Study material START
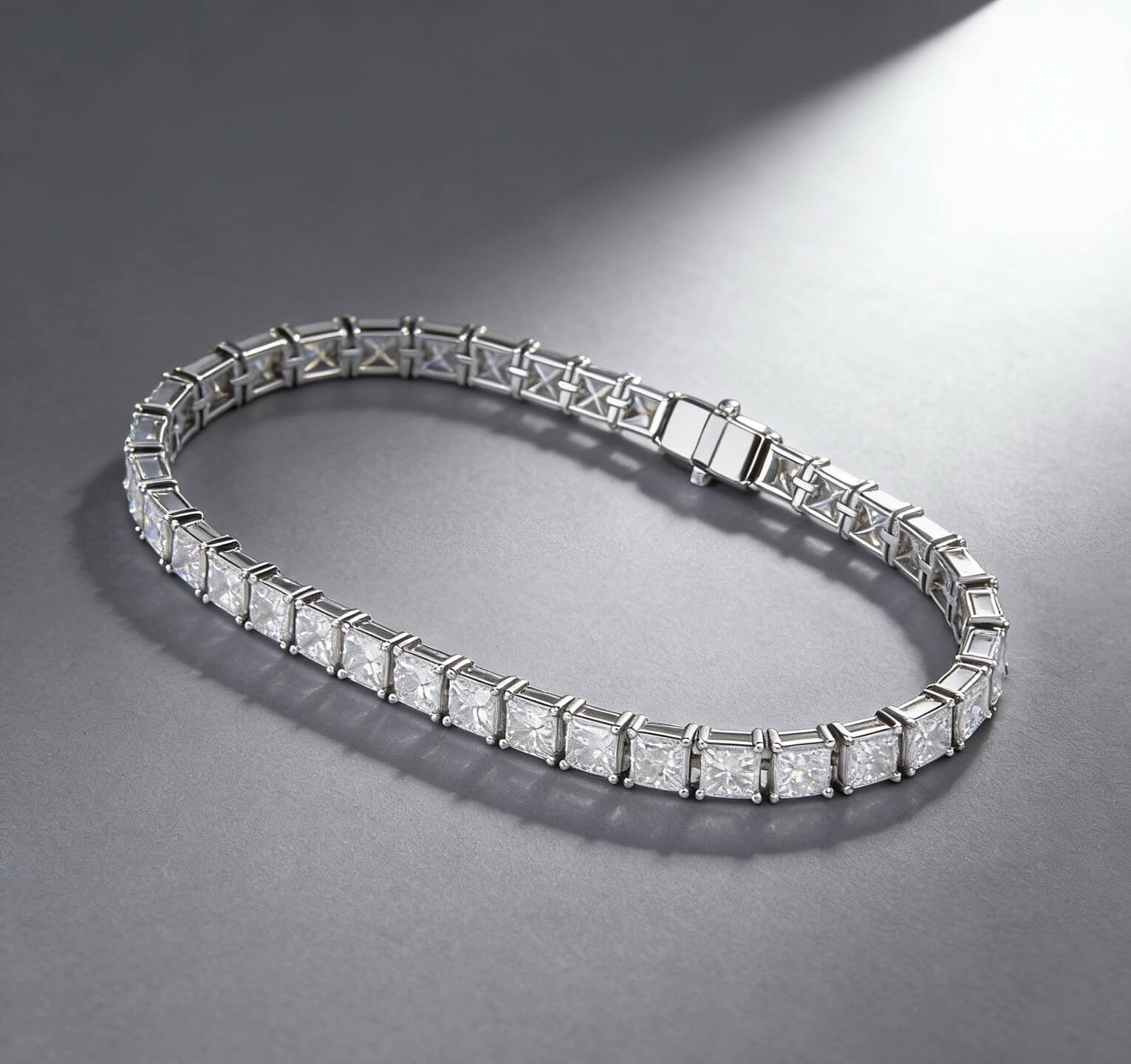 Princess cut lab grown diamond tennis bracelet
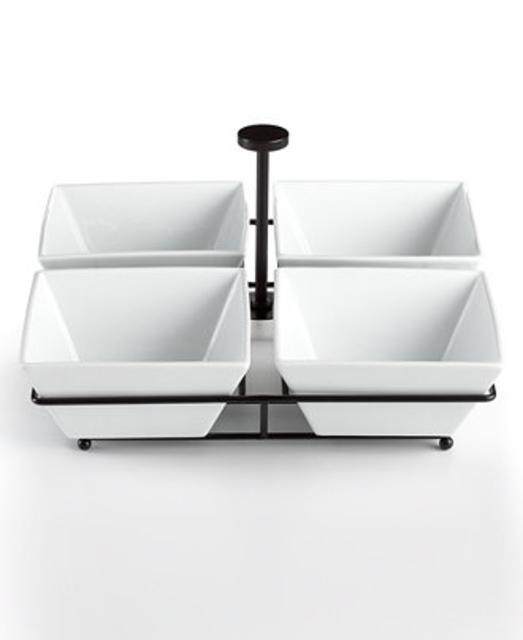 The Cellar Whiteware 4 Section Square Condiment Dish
Study material END
Study material START
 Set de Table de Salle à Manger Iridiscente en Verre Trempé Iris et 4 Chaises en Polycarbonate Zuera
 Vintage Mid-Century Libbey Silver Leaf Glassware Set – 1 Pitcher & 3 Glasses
Study material END
Task details:
Could you write out exactly the lines of the data above that run from the one holding "Princess cut lab" to the one holding "The Cellar Whiteware", with both ends in and all pictures out?

Problem solution:
 Princess cut lab grown diamond tennis bracelet
 The Cellar Whiteware 4 Section Square Condiment Dish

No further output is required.